The subsheath of the extensor carpi ulnaris, the ulnocarpal meniscoid, the volar radioulnar ligament, the dorsal radioulnar ligament, and the ulnotriquetral ligament were all richly innervated, containing all types of sensory nerve endings. In contrast, the ulnolunate ligament was sparsely innervated with only Golgi-like endings, free nerve endings, and unclassifiable corpuscles. The articular disc had only free nerve endings in its ulnar portion. This is in contrast to Calvacante et al. [2], who reported that the central area was noninnervated, but the periphery of the articular disc had all types of sensory nerve endings. The primary difference between our study and that of Calvacante et al. [2] is that we mapped the mechanoreceptor population using a combination of immunohistochemical markers: S-100 protein, the neurotrophic receptor p75, and PGP 9.5. These three antibodies allow precise differentiation of mechanoreceptors owing to selective delineation of specific neural and perineural structures in sensory nerve endings [22]. However, gold chloride impregnates not only nerve tissue, but also elastic fibers in blood vessels and reticular fibers, thus providing nonspecific imaging of neural elements in tissue [6]. Furthermore, in the current study, all seven parts of the triangular fibrocartilage complex were dissected separately and analyzed in five levels, respectively. An additional study of innervation of the triangular fibrocartilage complex only detected free nerve endings, but no Ruffini, Pacini, or Golgi-like corpuscles, using PGP 9.5 and calcitonin gene-related peptide [24]. However, the analyzed sections had a thickness of 100 µm, and the amount of each neural element was counted in randomly selected areas of each structure at only one level.

Intrastructural Analysis

No differences have been observed among the five levels of each structure, which indicates a homogenous distribution of sensory nerve endings resulting in a stable and consistent innervation pattern. A recent study investigating ligaments around the ankle in five levels had similar findings [22]. Therefore, a partial ligament rupture may not result in complete ligamentous denervation.

Clinical Relevance

The greatest amount of Ruffini endings was observed in the volar radioulnar ligament, indicating that this ligament has an important role in detecting joint position during forearm rotation. The radioulnar ligaments are the primary static stabilizers of the distal radioulnar joint and, as we found, also are important for neuromuscular stability with their consistently rich innervation. Patients with distal radioulnar joint instabilities attributable to foveal tears should be treated primarily with open or arthroscopic reattachments to restore static and dynamic distal radioulnar joint stability [17]. The inclusion of proprioceptive exercises after anatomic reattachment of the volar and dorsal radioulnar ligaments is recommended during the postoperative followup, after the required period of immobilization for ligament healing has passed [9]. Contrarily, surgical procedures aiming to reconstruct the radioulnar ligaments with a tendon graft [1], will not address the sensory function of the volar and dorsal radioulnar ligaments, and consequently fail to account for the dynamic aspects of distal radioulnar joint stability [13].

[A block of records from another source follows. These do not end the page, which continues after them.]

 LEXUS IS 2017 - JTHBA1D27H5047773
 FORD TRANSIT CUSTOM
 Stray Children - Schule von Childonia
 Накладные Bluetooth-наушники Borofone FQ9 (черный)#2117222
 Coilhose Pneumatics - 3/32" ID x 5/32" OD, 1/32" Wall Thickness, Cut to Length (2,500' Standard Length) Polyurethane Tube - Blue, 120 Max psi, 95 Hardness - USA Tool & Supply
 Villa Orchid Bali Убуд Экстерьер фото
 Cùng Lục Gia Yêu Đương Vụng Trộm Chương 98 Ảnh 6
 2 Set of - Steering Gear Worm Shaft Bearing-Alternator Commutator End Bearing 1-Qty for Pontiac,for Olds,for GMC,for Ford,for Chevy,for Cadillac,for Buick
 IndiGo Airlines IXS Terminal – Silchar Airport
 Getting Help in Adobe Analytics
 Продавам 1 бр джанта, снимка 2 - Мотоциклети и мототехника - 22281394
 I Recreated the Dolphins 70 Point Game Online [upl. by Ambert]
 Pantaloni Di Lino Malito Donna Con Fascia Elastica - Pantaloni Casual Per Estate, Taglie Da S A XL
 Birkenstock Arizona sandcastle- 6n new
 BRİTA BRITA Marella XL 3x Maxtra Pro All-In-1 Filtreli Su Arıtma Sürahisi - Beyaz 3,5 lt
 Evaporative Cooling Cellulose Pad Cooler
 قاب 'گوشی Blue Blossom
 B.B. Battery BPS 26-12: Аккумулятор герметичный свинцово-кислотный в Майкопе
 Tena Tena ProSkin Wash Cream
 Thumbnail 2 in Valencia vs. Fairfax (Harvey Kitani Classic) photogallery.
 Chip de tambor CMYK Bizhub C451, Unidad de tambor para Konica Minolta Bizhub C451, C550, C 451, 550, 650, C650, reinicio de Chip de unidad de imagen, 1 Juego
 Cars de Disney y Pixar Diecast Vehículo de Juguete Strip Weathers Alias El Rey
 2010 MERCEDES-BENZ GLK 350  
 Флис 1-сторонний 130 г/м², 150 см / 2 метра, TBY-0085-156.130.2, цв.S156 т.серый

Free nerve endings were the predominant mechanoreceptor type followed by unclassifiable corpuscles and then by a fairly equal distribution of Ruffini, Pacini, and Golgi-like corpuscles. Nociception therefore must be considered as having great importance in the proprioceptive and neuromuscular control of the distal radioulnar joint. The articular disc and ulnolunate ligament were rarely innervated, indicating a primarily mechanical function, whereas the subsheath of the extensor carpi ulnaris, ulnocarpal meniscoid, volar and dorsal radioulnar ligaments, and ulnotriquetral ligament, with their rich innervations, have distinct proprioceptive qualities. Lesions of the volar and dorsal radioulnar ligaments have immense consequences not only for mechanical but also for dynamic stability of the distal radioulnar joint, and surgical reconstruction of a radioulnar ligament injury is of great importance.